Así, cuando analistas políticos se refieren a Santiago como “joya de la corona, con su especial mezcla de edificios coloniales, arquitectura neoclásica y la vanguardia de rascacielos setenteros y ochenteros” (Kenneth Bunker en Ex Ante), me imagino esas fotos postales de paisajes urbanos del cual fue un gran cultor el fotógrafo Enrique Mora: una ciudad inmaculada, cuidadamente limpia y ordenada en las imágenes porque precisamente excluía los bordes pobres y precarios de la misma. Porque más que urbe colonial o museo neoclásico, la capital chilena ha sido un espacio de contrastes tal como buena parte de las grandes ciudades latinoamericanas, con una verticalización en las últimas décadas que repobló el área central, pero sin velar por el espacio público a su alrededor, y, además, para qué mencionar sus dudosos aportes estéticos al paisaje.

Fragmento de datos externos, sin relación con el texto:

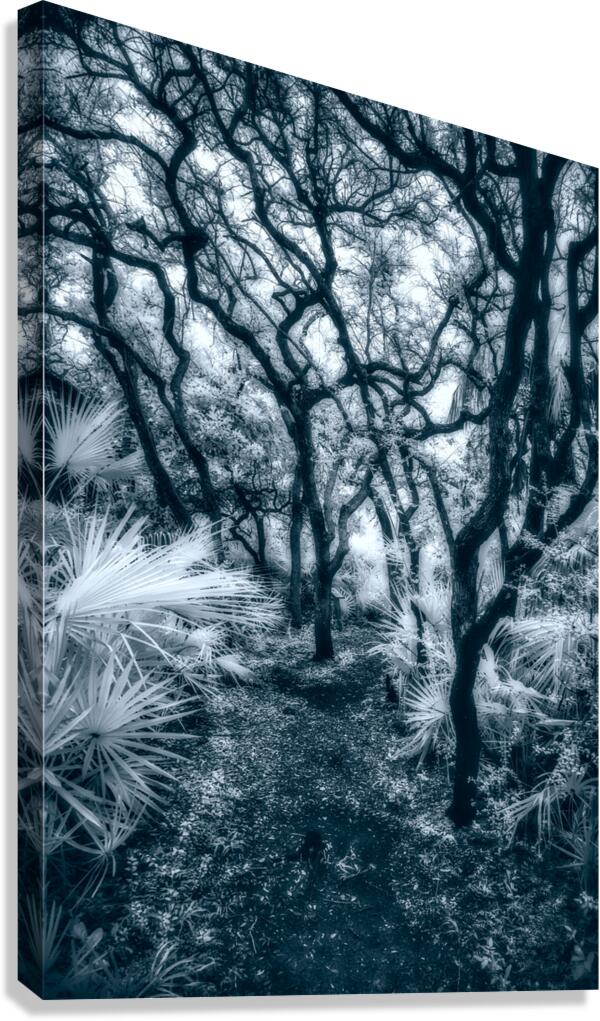 Enchanted Passage: Blue Dawn in the Oaks Canvas Print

Nos enfrentamos así a un problema urbano evidente como el que exhibe el Santiago del estallido, la pandemia y los nuevos fenómenos como la migración latinoamericana masiva sobre todo con esa mirada autoindulgente y arrogante de una élite que no conoce la ciudad que habita más allá de sus feudos cotidianos. En dicha lógica, la única solución posible es el palo y bizcochuelo portaliano ya que la ciudad que debate y se manifiesta es la representación de todos sus temores políticos, en particular aquel que considera la disputa del poder. La preocupación de estas voces mimadas por los agentes fácticos no tiene tanto que ver con el patrimonio o el orden estético de la ciudad, sino con el control de recursos e inversiones bajo las lógicas más convencionales del establishment criollo y en particular contra cualquier disputa a sus miradas sobre la realidad, aunque con sus anteojeras ignoren la historicidad propia del espacio urbano del casco histórico al que evocan desde Las Condes o Vitacura. ¿Podemos confiar en dichos análisis para entender las dinámicas urbanas, sus tensiones actuales y posibles soluciones? Lo dudo.

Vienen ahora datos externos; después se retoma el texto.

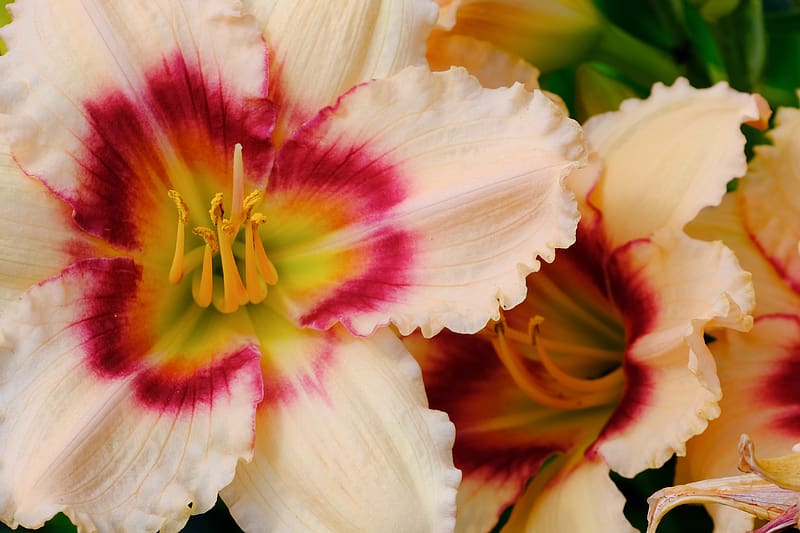 daylily, flower, petals, macro, HD wallpaper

Cerrando esta reflexión, recuerdo a la periodista Jane Jacobs y su hasta hoy influyente libro Muerte y vida de las grandes ciudades. Sin una formación especializada en urbanismo, sino desde el periodismo y la observación, se transformó en una referente de las miradas que buscaron entender al espacio urbano desde lo social, analizando fenómenos como la violencia a partir de los impactos que tenían los abandonos en que quedaban los barrios por desinterés político o el impacto de obras de infraestructura como las carreteras de Robert Moses sobre los distritos populares de Nueva York. Quizás su concepto central sea el de la vitalidad urbana, una idea donde las relaciones sociales practicadas en el espacio urbano crean una red que llena la ciudad de prácticas virtuosas capaces de rescatarlas de las crisis que cada tanto las afectan como reflejos de las tensiones políticas, económicas y sociales en sus calles. Y este modelo en crisis remite en lo urbano el estallido y la pandemia en sus muros y espacios vacíos, en los restaurants devenidos en ópticas y muchos otros detalles particulares para quienes caminamos por sus vericuetos, justamente la ausencia de dicha vitalidad, de una participación social amplia en el hacer y vivir la ciudad. Así, más que comentarios desde la burbuja, podremos enfrentar el desafío de reconstruirla desde la necesaria inserción de las comunidades, un reclamo que ninguna de las voces transformadas en referentes urbanos parece advertir en sus escandalizados reclamos.